Should this live in dask-jobqueue?

I'm at the point of trying to decide where this code should live within the Dask ecosystem. So far I have implemented MPIRunner and SlurmRunner as a proof-of-concept. It would be very straight forward to write runners for other batch systems provided it is possible to detect the process ID/rank from the environment.

I can imagine users choosing between SLURMCluster and SlurmRunner depending on their use case and how they want to deploy Dask. There are pros/cons to each deployment model, for example the cluster can adaptively scale, but the runner only requires a single job submission which will guarantee better node locality. So perhaps it makes sense for SlurmRunner to live here in dask-jobqueue and we can use documentation to help users choose the right one for them? (We can make the name casing more consistent).

The MPIRunner and SlurmRunner share a common base class, so I'm not sure if that means MPIRunner should also live here, or whether we should accept some code duplication and put it in dask-mpi?

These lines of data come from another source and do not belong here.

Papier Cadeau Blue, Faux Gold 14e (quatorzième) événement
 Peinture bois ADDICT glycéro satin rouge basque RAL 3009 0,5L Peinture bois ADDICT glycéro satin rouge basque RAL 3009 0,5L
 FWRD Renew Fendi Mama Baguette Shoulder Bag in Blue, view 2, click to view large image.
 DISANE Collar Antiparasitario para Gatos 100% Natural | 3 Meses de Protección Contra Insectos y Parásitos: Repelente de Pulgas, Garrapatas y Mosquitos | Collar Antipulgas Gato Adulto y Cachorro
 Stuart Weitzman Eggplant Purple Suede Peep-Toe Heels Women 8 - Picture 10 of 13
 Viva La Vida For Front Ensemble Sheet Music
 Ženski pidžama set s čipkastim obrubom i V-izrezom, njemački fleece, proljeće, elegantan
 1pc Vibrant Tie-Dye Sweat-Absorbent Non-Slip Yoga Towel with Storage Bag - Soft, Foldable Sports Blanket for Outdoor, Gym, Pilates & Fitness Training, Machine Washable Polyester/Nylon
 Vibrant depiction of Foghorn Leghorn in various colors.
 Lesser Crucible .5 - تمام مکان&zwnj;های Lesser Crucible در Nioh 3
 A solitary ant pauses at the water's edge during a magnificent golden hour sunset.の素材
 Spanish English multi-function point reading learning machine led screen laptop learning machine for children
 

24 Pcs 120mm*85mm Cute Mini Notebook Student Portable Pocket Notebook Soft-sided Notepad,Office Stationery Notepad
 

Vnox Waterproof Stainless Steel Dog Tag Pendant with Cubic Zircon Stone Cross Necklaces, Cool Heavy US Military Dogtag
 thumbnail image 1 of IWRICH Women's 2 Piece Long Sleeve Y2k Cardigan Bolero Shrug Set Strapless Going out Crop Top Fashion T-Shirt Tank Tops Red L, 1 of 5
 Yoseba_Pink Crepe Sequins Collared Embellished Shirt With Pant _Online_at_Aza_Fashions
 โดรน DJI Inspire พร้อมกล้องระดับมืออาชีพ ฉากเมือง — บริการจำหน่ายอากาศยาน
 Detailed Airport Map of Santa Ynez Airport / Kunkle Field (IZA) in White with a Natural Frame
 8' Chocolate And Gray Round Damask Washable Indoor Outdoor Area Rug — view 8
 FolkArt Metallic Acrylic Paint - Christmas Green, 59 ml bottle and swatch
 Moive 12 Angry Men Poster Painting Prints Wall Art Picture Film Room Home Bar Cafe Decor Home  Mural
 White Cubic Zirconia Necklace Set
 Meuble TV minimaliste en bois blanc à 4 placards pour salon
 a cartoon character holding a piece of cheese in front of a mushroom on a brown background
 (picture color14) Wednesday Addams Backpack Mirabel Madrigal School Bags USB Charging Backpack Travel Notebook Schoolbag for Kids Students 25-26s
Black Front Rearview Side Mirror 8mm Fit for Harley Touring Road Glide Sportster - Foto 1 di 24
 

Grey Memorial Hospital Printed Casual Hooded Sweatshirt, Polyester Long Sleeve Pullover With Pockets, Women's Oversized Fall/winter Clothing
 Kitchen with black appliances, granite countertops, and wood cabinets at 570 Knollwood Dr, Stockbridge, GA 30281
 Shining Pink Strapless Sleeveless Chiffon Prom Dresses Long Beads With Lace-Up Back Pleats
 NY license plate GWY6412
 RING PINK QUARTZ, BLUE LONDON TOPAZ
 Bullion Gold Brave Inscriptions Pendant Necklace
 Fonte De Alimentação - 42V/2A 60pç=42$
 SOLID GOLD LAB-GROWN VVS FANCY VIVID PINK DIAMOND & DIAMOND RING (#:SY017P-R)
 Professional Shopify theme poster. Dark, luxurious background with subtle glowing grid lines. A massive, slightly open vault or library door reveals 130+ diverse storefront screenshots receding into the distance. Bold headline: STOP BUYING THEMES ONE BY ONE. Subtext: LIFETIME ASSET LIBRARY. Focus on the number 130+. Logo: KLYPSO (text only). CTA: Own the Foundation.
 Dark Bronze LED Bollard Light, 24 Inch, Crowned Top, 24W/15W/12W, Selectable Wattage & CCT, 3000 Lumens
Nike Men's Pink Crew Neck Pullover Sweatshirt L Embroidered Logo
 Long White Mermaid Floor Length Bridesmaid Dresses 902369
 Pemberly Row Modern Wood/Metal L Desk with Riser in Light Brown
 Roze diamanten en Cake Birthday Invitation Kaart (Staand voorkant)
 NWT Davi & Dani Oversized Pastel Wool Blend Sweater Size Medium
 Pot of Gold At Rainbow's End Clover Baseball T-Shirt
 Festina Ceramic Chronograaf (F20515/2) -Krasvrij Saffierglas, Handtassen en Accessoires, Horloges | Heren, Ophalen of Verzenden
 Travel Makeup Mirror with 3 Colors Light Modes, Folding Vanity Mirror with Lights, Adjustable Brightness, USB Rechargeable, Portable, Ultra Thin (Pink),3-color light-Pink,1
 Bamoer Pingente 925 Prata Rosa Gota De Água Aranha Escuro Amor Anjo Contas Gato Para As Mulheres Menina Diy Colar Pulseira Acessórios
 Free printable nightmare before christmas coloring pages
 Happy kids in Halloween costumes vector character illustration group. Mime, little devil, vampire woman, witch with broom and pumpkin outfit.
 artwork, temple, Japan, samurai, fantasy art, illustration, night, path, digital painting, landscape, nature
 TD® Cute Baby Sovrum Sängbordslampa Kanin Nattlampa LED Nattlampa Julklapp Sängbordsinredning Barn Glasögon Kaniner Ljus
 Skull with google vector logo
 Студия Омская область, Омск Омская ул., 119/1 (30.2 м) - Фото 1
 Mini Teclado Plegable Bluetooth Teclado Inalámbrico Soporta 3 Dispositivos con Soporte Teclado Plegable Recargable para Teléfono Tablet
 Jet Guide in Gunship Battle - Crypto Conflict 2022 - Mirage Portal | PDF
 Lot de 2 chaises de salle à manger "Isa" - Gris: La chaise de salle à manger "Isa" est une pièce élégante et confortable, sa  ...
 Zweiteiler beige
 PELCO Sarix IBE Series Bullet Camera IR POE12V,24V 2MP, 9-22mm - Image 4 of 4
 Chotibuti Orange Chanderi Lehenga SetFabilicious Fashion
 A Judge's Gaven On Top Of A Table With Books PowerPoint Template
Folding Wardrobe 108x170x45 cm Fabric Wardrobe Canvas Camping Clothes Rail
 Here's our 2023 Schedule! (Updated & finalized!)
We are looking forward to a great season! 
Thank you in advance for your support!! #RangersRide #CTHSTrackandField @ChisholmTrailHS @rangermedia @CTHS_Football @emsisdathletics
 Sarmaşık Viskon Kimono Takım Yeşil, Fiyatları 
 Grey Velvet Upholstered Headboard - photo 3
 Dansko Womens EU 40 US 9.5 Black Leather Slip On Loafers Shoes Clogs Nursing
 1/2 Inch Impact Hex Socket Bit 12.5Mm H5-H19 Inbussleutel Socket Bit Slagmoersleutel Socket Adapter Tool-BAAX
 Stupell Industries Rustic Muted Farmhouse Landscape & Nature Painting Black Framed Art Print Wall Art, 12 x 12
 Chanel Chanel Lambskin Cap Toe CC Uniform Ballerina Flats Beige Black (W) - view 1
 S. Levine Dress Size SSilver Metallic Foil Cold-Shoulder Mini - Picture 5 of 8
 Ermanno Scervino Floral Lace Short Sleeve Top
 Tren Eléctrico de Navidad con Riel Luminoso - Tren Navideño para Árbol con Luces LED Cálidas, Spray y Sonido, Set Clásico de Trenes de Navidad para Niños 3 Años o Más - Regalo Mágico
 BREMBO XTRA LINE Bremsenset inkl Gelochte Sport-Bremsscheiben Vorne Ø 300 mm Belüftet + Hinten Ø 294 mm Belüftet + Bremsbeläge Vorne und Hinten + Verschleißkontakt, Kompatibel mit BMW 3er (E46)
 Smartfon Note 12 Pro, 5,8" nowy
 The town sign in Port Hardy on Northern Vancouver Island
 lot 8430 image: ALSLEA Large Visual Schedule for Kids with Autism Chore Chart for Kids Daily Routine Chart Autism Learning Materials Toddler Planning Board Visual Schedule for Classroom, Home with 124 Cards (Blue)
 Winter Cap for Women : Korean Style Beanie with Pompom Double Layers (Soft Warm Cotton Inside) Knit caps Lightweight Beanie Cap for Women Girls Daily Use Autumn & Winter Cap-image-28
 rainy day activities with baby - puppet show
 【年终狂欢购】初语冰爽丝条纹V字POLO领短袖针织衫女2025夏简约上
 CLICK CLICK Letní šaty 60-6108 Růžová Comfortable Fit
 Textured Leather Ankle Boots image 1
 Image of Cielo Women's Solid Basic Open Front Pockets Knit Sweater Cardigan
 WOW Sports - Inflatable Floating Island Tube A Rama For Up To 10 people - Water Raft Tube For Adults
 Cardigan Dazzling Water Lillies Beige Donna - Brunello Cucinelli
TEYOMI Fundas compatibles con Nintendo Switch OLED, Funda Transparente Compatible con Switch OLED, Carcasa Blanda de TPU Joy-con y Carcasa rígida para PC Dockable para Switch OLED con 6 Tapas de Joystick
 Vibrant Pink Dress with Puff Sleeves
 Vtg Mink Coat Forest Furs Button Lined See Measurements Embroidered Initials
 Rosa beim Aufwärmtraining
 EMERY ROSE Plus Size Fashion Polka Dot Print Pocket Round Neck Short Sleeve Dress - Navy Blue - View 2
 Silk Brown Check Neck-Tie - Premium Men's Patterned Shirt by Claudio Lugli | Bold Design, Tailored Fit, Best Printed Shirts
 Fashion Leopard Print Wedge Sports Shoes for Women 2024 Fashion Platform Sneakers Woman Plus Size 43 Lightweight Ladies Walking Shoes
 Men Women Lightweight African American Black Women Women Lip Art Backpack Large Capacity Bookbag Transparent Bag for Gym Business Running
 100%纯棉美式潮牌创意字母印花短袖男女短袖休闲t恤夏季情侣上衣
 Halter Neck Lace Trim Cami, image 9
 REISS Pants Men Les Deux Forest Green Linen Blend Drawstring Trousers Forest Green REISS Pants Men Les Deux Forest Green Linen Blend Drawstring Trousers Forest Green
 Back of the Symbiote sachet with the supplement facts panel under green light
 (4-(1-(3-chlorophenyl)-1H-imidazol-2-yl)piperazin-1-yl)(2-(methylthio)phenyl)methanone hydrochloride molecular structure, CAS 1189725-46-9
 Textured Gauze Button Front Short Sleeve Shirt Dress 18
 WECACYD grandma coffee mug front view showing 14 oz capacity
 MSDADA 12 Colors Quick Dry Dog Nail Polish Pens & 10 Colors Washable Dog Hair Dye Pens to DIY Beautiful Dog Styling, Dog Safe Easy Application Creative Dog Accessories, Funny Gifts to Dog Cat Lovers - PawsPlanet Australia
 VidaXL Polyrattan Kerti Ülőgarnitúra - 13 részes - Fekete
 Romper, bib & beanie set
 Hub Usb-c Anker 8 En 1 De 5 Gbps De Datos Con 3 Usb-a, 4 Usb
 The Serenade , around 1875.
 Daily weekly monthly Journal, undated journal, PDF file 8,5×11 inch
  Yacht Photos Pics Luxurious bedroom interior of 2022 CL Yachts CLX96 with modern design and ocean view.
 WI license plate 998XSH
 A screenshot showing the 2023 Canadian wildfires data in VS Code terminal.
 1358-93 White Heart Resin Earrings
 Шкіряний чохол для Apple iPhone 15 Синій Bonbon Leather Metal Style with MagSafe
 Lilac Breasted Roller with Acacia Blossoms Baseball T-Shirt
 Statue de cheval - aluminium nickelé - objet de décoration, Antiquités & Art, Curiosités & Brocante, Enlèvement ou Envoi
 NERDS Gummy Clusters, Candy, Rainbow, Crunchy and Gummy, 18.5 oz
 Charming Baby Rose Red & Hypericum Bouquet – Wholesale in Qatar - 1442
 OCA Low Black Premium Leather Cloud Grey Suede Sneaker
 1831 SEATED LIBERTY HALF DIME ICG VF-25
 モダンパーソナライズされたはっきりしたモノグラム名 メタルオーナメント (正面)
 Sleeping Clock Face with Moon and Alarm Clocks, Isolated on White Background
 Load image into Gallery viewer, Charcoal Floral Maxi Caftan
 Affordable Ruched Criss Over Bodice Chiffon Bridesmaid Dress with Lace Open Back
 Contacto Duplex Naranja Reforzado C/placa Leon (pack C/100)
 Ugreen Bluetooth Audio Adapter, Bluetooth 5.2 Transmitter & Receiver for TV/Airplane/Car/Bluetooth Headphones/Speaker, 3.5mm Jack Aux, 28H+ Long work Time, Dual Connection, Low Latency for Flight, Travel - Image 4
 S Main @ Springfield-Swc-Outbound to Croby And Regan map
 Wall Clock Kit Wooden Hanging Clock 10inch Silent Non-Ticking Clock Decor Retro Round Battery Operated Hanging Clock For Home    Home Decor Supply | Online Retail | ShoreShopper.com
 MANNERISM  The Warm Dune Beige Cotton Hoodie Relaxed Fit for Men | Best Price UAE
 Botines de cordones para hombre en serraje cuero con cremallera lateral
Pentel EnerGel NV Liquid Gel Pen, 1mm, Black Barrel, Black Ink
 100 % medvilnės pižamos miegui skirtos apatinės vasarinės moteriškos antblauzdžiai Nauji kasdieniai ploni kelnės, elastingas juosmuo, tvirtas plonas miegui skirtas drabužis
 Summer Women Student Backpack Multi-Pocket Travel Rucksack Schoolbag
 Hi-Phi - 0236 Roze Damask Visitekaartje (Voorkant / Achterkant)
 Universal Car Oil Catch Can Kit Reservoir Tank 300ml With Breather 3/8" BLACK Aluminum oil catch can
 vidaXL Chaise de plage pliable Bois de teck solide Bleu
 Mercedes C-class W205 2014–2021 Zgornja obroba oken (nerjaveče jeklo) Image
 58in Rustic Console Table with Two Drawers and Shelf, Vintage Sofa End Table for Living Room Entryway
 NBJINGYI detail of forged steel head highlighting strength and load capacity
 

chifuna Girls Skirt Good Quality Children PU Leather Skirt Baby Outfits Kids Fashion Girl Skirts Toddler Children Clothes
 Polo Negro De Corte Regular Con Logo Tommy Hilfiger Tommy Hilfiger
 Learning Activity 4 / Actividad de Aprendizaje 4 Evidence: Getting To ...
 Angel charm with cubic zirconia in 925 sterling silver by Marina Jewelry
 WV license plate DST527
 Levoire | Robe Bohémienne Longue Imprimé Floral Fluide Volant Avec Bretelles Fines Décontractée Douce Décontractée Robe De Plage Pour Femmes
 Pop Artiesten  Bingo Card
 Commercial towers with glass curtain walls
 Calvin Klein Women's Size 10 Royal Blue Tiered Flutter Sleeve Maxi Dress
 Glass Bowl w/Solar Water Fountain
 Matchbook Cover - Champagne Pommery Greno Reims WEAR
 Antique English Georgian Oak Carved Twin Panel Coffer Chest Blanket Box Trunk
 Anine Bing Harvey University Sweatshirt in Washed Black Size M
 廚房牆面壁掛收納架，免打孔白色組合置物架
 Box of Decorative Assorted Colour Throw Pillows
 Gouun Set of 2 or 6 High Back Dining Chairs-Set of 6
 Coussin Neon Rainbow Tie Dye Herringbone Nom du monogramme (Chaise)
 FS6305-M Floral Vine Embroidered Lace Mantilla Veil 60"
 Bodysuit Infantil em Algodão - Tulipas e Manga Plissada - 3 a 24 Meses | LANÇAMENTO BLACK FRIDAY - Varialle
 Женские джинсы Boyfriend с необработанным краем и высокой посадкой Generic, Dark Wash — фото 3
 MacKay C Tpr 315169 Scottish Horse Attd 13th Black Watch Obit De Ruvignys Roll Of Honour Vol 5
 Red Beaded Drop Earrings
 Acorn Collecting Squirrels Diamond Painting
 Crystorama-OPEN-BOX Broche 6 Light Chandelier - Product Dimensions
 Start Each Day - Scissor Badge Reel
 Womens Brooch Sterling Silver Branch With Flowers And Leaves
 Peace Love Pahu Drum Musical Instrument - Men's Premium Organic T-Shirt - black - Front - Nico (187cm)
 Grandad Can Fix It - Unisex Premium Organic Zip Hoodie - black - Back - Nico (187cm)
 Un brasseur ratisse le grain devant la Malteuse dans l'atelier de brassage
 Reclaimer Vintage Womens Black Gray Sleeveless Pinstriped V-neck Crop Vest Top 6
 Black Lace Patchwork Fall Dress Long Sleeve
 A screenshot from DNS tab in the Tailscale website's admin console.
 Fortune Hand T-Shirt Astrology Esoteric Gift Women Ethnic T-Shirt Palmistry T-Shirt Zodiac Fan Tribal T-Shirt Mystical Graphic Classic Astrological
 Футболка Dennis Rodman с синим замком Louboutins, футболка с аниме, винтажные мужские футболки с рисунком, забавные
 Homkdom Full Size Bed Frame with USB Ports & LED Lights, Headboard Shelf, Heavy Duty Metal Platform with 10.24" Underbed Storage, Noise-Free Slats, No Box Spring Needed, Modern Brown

Alternatively my prototype repo could just move to dask-contrib and become a separate project?

Or we could roll all of dask-jobqueue, dask-mpi and the new dask-hpc-runners into a single dask-hpc package? Or pull everything into dask-jobqueue?

The Dask HPC tooling is currently very fragmented and I'm keen to make things better, not worse. But I'm very keen to hear opinions from folks like @guillaumeeb @lesteve @jrbourbeau @kmpaul @mrocklin on what we should do here.

@guillaumeeb
Copy link
Member

Thanks @jacobtomlinson for sharing this and opening this discussion!

The Dask HPC tooling is currently very fragmented and I'm keen to make things better, not worse.

I totally agree with this statement. I would love to see a single dask-hpc package with all of this, but this would require a non negligible amount of work, especially in documentation content.

@kmpaul
Copy link

kmpaul commented May 24, 2024

This is fantastic, @jacobtomlinson! Very cool stuff.

I agree with @guillaumeeb that it would be really nice to have a Dask HPC package with everything in one place. I would volunteer to help maintain that package, since Dask MPI would get rolled into it.

This reminds me that I have had a major PR in Dask MPI waiting for quite a while now. I should finish that and merge it in before moving DaskMPI into any new package.

@jacobtomlinson
Copy link
Member Author

Awesome thanks @kmpaul. Your new implementation looks interesting, feel free to ping me again for review once the conflicts are worked out.

I think my plan will look like the following:

  • Make a PR to merge my SLURMRunner and MPIRunner in here
  • Make a PR to merge dask-mpi in here (and make mpi4py an extras install)
  • Give the documentation here an overhaul and pull in the dask-mpi documentation
  • Retire dask-mpi
  • Rename this project to dask-hpc
  • Set up redirects for old names and packages to bring folks to the new package

I've submitted an abstract to EuroSciPy to talk about Dask and HPC (and GPUs/UCX) quite broadly, but if it gets accepted that could make a nice deadline to work towards and announce these changes.

@sanghyukmoon
Copy link

Hello from a new user! I'm putting this here rather than opening a new issue, but let me know if I should do the latter instead.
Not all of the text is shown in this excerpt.